_Task goal_
Your answer must be the full listing below, restated word for word, with no pictures in it.

_Data extract_
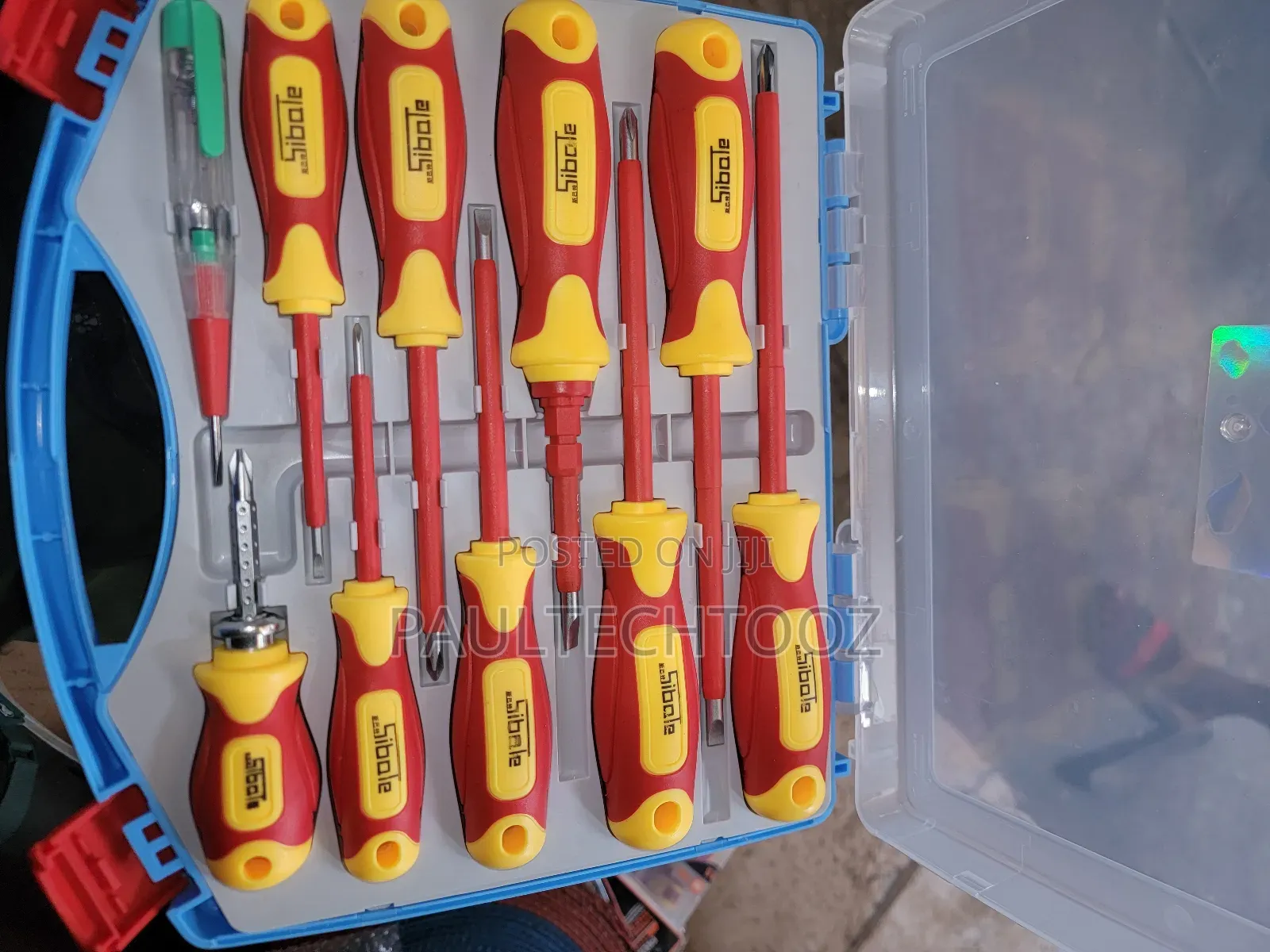 Electrical Engineering Screwdrivers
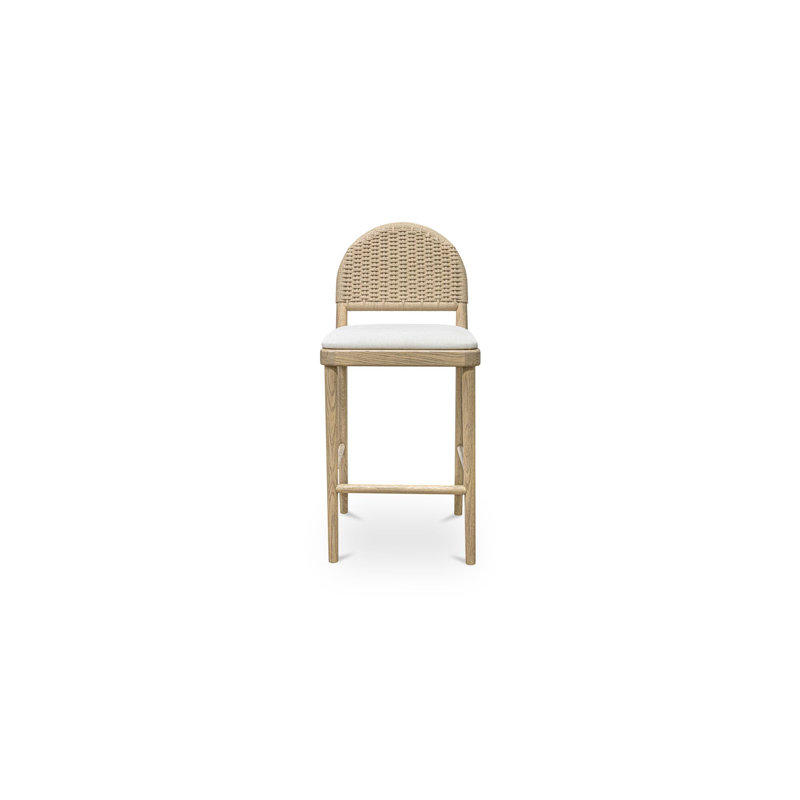 Claire Counter Stool Natural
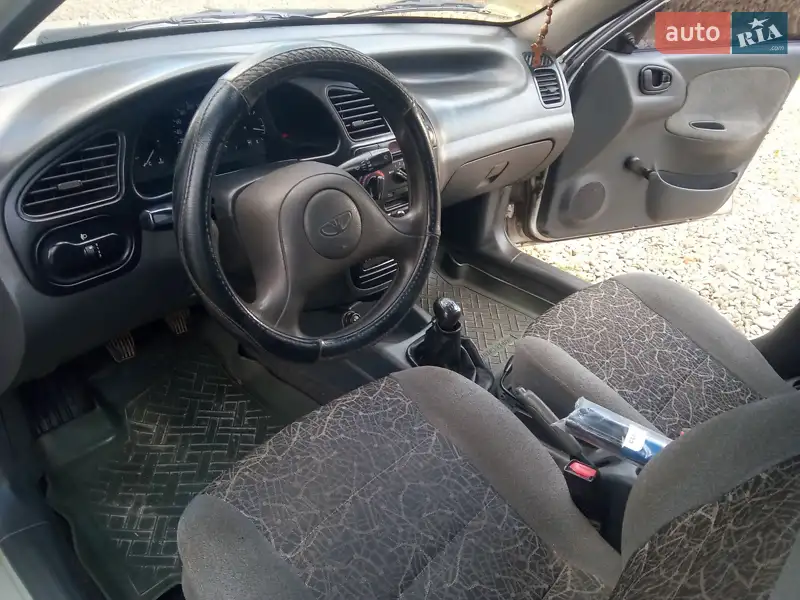 Daewoo Sens 2004 VIN Y6DT1311040203636 фото оголошення 8 з 43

_Result of this exercise_
 Electrical Engineering Screwdrivers
 Claire Counter Stool Natural
 Daewoo Sens 2004 VIN Y6DT1311040203636 фото оголошення 8 з 43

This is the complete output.